Le uniche riserve non sfruttate con un costo marginale di produzione presunto attorno a 50$ sono in IRAQ e in IRAN e in misura minore in LIBIA. Giacimenti ancora da sfruttare sono in Venezuela ma è olio pesante di pessima qualità che pone seri problemi e maggiori costi di raffinazione. Il mega giacimento del Mar Caspio è ancora inattivo, i costi sono triplicati rispetto i preventivi e non ci sono date e costi finali certi. Al largo delle coste del Brasile sono stati scoperti giacimenti immensi a 5 kn di profondità e posti sotto uno strato di sale di oltre 1 km. I costi per l’estrazione e lo sfruttamento sono nell’ordine dei trilioni di dollari e neanche una goccia verrà estratta prima del 2025 dato che ancora neppure esiste la tecnologia per il drilling su giacimenti così profondi. Le implicazioni sono estreme. Le autorità non raccontano la verità ai loro sudditi, la crescita in occidente è finita se la si intende come oggi in termini di mero aggregato economico.

john_ludd
Scritto il 21 Settembre 2012 at 12:51

PARTE 2

Questo non vuole dire che non ci saranno quadrimestri o anni con PIL in crescita ma che le recessioni saranno più lunghe e più profonde. Eserciti di economisti falliti parlano oggi di rilancio della crescita attraverso una maggiore produttività quando il problema sempre più manifesto è l’eccesso di produzione.
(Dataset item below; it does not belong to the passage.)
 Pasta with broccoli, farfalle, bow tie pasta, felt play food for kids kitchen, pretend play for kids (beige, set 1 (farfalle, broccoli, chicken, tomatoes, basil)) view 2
Altri economisti ancora più falliti suggeriscono di rilanciare il PIL definendo obiettivi di crescita nominale e non reale ovvero attraverso l’inflazione che attecchisce eccome sulle materie prime ma che non genera più lavoro, non incrementa i redditi e anzi attraverso la retroazione negativa dell’inflazione sulle meterie prime le deprime.

Non appartengo alla categoria dei catastrofisti, pessimismo e ottimismo sono faccie della stessa medaglia ovvero l’incapacità di osservare la realtà per quello che è realmente. Un giorno avremo un mondo efficente a bassa intensità energetica, termodinamicamente più stabile non perchè va di moda affermarlo ma perchè ciò che guida e decide non è la volontà degli uomini ma le leggi della fisica e il secondo principio della termodinamica vale anche per i sistemi socio-economici: più un sistema è complesso, più energia utilizza per il proprio auto sostentamento, più rapido è il decadimento entropico e maggiore l’instabilità. Tutti i sistemi instabili, nessuno escluso, tendono a una maggiore stabilità che si ottiene con un passaggio di stato più o meno rapido.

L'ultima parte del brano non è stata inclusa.